Ian Toro

Personal information
- Full name: Ian Ronaldo Toro Ibarra
- Date of birth: 24 December 2002 (age 23)
- Place of birth: Tocopilla, Chile
- Height: 1.67 m (5 ft 6 in)
- Position: Left-back

Team information
- Current team: Las Zocas
- Number: 22

Youth career
- 2016: Universidad Católica
- 2016–2020: O'Higgins
- 2020–2021: Universidad Católica

Senior career*
- Years: Team / Apps / (Gls)
- 2020–2024: Universidad Católica / 0 / (0)
- 2021–2023: → Deportes Copiapó (loan) / 46 / (0)
- 2025: Rangers / 3 / (0)
- 2026: Marino / – / (–)
- 2026–: Las Zocas / 0 / (0)

= Ian Toro =

Chilean footballer

Ian Ronaldo Toro Ibarra (born 24 December 2002) is a Chilean footballer who plays as a left-back for Spanish club Las Zocas.

==Club career==
Born in Tocopilla, Chile, Toro briefly joined the Universidad Católica under-15 team before joining the O'Higgins youth ranks. Later, he returned to Universidad Católica at under-17 level and was promoted to the first team by Ariel Holan in 2020.

In May 2021, Toro was loaned out to Deportes Copiapó. The next season, they got promotion to the top division and Toro continued with them in the 2023 Chilean Primera División.
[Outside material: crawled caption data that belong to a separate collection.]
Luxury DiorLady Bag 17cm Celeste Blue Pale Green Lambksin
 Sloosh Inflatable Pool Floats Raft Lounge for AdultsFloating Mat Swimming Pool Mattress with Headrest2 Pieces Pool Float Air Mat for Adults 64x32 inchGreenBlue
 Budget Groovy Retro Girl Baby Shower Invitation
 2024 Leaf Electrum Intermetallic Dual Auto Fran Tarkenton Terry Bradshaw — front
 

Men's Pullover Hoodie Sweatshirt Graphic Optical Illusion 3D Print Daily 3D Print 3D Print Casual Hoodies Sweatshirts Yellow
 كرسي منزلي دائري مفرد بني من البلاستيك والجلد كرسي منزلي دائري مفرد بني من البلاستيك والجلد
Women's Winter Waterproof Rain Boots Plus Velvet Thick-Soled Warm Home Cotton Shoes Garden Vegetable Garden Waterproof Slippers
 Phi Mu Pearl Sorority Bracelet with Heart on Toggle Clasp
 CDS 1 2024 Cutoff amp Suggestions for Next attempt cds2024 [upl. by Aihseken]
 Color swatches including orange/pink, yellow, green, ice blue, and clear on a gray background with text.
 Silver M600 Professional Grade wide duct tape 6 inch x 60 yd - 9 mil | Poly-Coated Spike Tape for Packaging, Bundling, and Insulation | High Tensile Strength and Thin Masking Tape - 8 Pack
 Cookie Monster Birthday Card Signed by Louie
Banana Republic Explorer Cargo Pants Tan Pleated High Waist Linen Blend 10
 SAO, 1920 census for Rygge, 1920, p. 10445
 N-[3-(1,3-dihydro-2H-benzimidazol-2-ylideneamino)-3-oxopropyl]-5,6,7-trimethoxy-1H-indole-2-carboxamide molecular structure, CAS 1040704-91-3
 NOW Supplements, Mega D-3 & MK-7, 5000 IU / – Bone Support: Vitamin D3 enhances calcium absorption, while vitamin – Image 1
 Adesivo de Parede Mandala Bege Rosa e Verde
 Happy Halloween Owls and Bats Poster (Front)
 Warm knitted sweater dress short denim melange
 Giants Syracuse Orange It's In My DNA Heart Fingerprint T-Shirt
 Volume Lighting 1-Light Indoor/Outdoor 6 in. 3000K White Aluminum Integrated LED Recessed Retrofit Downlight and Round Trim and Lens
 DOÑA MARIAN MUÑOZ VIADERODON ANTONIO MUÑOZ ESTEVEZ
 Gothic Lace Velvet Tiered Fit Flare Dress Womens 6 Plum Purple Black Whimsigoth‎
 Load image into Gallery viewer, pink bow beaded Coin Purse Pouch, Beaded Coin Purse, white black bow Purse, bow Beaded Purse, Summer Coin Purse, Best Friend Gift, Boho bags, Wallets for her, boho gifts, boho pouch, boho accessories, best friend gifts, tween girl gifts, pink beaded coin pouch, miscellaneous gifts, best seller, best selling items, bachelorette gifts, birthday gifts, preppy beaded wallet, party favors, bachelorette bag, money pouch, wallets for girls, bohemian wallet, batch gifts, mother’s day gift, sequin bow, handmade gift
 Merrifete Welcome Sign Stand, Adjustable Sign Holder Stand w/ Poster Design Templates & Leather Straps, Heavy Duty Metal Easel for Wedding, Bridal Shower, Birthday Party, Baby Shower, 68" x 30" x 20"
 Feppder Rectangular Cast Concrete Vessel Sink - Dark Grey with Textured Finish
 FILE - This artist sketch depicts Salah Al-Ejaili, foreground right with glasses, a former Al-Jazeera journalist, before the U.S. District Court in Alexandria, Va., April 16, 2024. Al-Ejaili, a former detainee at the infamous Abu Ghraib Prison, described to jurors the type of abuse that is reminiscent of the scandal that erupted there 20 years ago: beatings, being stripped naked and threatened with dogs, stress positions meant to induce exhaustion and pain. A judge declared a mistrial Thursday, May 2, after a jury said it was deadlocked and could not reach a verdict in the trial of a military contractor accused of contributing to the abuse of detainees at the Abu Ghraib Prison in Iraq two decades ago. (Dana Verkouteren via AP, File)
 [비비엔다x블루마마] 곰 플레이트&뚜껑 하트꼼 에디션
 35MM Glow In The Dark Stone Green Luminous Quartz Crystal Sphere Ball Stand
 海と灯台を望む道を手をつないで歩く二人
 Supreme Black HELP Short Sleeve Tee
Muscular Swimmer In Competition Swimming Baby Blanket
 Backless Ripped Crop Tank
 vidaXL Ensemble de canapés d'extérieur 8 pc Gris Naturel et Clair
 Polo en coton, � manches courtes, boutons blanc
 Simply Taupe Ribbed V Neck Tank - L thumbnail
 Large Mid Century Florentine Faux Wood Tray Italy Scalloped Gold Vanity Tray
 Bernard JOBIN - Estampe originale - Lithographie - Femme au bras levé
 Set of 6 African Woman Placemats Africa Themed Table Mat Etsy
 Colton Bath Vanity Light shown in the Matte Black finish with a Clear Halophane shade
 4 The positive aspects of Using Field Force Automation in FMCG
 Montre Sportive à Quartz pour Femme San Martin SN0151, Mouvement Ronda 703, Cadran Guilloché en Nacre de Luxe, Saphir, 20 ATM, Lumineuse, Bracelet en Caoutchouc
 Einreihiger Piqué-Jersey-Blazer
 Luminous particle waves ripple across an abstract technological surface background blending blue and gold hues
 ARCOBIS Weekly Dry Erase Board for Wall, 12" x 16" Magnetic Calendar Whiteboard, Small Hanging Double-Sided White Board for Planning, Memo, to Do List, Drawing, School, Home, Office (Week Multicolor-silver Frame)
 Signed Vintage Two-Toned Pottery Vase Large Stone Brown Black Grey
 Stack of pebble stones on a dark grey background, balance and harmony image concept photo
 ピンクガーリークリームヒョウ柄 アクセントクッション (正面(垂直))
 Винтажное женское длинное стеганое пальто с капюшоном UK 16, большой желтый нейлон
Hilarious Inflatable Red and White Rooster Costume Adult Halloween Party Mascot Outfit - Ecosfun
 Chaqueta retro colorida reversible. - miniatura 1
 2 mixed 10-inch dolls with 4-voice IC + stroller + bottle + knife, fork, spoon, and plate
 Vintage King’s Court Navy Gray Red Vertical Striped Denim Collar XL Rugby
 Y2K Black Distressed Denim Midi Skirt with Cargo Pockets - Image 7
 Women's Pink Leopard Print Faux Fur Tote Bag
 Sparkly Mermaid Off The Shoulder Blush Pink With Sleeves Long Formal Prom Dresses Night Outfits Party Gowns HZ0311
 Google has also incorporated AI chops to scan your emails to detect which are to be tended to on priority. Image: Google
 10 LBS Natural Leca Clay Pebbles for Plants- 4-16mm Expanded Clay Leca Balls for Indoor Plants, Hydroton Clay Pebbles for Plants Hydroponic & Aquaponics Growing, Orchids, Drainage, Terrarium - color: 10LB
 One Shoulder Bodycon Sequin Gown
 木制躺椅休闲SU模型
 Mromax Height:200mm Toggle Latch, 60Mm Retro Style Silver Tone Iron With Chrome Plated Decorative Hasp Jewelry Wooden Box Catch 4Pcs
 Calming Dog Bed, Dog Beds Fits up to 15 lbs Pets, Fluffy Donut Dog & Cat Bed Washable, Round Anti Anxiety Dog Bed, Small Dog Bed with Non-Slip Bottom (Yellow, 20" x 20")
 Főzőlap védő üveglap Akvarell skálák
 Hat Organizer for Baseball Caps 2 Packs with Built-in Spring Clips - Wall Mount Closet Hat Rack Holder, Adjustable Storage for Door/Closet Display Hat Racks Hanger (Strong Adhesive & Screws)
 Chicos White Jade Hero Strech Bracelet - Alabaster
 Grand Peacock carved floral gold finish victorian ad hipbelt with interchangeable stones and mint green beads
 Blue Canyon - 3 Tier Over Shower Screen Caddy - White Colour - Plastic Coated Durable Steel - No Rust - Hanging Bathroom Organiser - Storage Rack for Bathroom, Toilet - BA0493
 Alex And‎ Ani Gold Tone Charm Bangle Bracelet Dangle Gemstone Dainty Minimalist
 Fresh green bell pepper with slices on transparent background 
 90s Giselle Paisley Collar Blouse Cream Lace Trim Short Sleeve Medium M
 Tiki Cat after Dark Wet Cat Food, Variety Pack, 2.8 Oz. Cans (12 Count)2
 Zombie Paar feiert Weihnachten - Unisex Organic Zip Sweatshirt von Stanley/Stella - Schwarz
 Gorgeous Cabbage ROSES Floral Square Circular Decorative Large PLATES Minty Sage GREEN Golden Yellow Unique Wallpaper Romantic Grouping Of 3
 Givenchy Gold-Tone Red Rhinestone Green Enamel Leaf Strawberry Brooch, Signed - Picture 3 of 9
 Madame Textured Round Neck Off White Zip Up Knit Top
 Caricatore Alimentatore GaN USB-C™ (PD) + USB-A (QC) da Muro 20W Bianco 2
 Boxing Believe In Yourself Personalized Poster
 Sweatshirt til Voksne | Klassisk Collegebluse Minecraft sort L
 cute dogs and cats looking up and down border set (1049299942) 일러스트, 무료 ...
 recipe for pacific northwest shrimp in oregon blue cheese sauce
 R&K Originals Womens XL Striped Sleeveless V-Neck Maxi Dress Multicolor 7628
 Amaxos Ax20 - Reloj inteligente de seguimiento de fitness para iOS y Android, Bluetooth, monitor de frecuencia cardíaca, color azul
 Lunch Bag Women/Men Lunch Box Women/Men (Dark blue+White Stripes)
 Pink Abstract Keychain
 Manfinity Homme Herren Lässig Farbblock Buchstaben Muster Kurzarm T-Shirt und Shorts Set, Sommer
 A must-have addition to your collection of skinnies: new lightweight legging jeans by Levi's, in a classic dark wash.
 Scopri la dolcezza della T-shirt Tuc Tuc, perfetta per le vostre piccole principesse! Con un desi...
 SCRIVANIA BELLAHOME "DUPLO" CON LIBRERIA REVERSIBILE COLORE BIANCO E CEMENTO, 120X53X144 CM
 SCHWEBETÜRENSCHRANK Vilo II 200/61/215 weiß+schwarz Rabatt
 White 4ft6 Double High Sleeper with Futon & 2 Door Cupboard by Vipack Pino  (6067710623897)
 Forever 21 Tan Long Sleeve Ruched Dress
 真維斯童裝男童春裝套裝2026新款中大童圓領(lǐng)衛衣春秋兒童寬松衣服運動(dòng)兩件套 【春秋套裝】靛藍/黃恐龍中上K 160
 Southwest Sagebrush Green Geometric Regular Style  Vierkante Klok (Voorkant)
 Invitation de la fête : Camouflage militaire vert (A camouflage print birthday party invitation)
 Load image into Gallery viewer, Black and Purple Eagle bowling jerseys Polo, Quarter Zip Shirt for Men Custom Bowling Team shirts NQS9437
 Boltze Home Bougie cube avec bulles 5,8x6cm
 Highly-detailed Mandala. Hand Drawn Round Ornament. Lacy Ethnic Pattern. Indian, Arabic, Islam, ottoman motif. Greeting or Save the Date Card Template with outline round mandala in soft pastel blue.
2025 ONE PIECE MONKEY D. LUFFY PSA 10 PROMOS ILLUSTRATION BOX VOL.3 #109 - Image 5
Back to Universidad Católica for the 2024 season, Toro made an appearance in the 0–2 away win against Glorias Navales for the 2022 Copa Chile.

In 2025, Toro signed with Rangers de Talca. On 29 August of the same year, he suffered a serious car accident alongside his fellow Martín Díaz.

Following Rangers, Toro moved to Spain and joined Marino. Later, he switched to UD Las Zocas.

==Personal life==
Ian is the younger brother of the Chile international footballer Javiera Toro.